Актер на репетиции — страница 6 из 35

«Полюбуйтесь: ходит и от лени шатается. Очень мило! Очень!» Это дядя Ваня, он в высоком кресле, поначалу его и не видно. Реплика ироническая, насмешливая, но в голосе такая любовь, а во взгляде такое восхищение, что (какая там ирония!) выдает себя с головой. И все выдают себя с головой в этот знойный полдень. «Мне хочется каяться, милые сестры. Томится душа моя», — так начинает Маша Прозорова свою исповедь в «Трех сестрах». Соня тоже томится, и говорить о своей любви ей тоже необходимо. «У меня уже нет гордости, нет силы владеть собою… Не удержалась и вчера призналась дяде Ване, что люблю…». Ирина Купченко говорит и плачет — слезы текут и текут у нее из глаз, а губы улыбаются.

Мизансцена построена так, что Елены Андреевны Соня не видит — та у нее за спиной: стояла у окна, когда Соня начала говорить, а потом подошла к ней и встала сзади, приобняла рукой.

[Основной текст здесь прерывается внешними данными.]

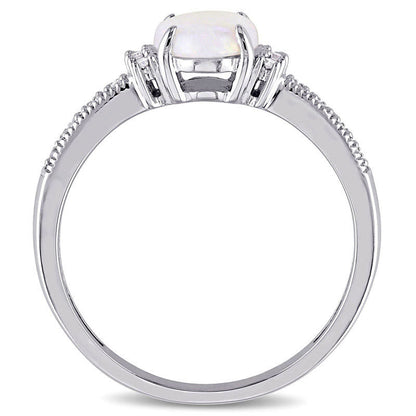 Oval Opal and Natural Diamond Accent Antique Vintage-Style Ring in Solid 10K White Gold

Вместе и в то же время врозь — Соня исповедуется себе, а Елена думает о своем. У нее в лице сейчас такая нега, такая затаенная страсть, что ясно — и ей не по себе. Ее двойное и настойчивое «позволь!» — позволь мне поговорить с Астровым о тебе — может ввести в заблуждение лишь Соню да отчасти ее самое. Недаром Астров минуту спустя скажет ей: «Вы — хитрая!»

Режиссер эту неустойчивость, зыбкость героини намеренно подчеркивает: она ему не то чтобы не мила, но в ее безволии, в ее душевной пассивности видится ему нечто опасное. Когда доктор разложит перед ней свои диаграммы и фотографии, он с огорчением и досадой заметит, что они ей не интересны. И не только потому, что она занята поручением Сони, вообще не интересны, не по душе. Неудовлетворенность в ней есть, и слезы ее искренни, однако та жизнь, которая, по Чехову, единственно осмысленная, то есть одухотворенно-деятельная, эта жизнь от нее далека.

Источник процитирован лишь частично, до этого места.